Foram analisados 54 ensaios clínicos randomizados, com dados de diversas nações entre 1980 e 2025. Quase metade dos estudos apresentaram alto risco de viés, e a robustez das evidências foi fraca em grande parte. O efeito perceptível do THC pode ter influenciado relatos.
Na Austrália, cerca de 700 mil pessoas usaram canabinóides no último ano. Entre os motivos, ansiedade, TEPT, insônia, depressão e TDAH aparecem entre as indicações. O estudo alerta para dúvidas sobre eficácia médica em várias dessas condições.
Para ansiedade, TEPT, anorexia, transtornos psicóticos e dependência de opióides, os resultados não superam o placebo. Em depressão, TDAH, TOC e transtorno bipolar, faltam dados conclusivos. Ainda assim, há indícios de benefício na dependência da cannabis.
Observa-se que o uso clínico controlado tende a diferir do uso recreativo. Medicamentos com concentração menor de THC e maior controle de CBD surgem na forma de óleos orais. Em alguns casos, isso pode reduzir a dependência de fumo, mas não há consenso definitivo.
Riscos de efeitos adversos costumam ser leves a moderados, como náuseas, fadiga e boca seca. Contudo, muitos ensaios refletem curto prazo e formulações específicas, nem sempre representativas do uso cotidiano. A pesquisa recomenda cautela e monitoramento.

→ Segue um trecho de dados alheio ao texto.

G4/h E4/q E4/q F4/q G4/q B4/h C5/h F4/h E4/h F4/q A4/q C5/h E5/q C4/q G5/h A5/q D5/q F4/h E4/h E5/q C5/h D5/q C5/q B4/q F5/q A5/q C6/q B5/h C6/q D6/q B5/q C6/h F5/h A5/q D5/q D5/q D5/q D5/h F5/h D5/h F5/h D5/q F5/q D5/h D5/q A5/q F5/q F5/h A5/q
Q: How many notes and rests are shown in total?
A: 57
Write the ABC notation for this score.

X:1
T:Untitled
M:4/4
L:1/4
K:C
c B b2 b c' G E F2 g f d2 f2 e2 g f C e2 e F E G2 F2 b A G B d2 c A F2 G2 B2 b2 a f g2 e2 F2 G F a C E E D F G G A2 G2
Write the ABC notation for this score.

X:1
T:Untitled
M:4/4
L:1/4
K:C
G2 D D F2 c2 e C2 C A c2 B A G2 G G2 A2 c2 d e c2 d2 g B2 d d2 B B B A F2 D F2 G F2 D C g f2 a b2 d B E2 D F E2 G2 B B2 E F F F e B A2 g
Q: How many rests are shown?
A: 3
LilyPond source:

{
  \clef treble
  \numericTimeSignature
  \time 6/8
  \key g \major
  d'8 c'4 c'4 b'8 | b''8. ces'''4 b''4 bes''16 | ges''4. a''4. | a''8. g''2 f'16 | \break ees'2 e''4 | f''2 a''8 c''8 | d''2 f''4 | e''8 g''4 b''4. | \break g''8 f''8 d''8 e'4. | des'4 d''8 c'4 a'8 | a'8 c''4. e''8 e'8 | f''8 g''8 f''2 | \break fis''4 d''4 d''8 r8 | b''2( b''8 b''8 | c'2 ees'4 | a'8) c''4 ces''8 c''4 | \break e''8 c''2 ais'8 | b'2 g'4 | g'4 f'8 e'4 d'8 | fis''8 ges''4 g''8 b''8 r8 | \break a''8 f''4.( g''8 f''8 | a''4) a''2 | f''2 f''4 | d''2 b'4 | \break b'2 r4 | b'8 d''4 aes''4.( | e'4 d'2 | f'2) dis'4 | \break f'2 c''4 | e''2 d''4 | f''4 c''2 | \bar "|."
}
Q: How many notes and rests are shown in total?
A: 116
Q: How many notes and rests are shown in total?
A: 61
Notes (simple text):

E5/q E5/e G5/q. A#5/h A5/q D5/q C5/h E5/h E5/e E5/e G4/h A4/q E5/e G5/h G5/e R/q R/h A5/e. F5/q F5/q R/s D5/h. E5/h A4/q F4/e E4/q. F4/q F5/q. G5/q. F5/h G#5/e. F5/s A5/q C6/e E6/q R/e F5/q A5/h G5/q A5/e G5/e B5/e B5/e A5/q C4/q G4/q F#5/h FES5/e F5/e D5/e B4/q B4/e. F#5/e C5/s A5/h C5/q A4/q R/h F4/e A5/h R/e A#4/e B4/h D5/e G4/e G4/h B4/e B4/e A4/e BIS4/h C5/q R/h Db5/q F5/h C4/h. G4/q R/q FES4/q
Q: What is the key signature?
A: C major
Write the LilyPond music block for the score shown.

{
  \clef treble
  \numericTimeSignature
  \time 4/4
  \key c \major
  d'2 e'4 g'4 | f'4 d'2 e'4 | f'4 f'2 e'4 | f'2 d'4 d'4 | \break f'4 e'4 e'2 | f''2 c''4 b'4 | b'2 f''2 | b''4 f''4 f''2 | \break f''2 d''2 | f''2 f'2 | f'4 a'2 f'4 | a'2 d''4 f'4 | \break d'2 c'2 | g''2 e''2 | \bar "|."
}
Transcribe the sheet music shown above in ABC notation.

No Brasil, mais de 873 mil pessoas consomem remédios à base de Cannabis sativa. A Anvisa ampliou normas, autorizando venda em farmácias, cultivo por pessoas jurídicas e incentivo a novas pesquisas. O mercado global da cannabis medicinal movimenta cerca de 30 bilhões de dólares anuais.
Os autores destacam a necessidade de evidências de qualidade, com pesquisas de longo prazo e avaliações em condições com opções terapêuticas limitadas. A conclusão é que, hoje, as evidências de benefício para transtornos de saúde mental são insuficientes.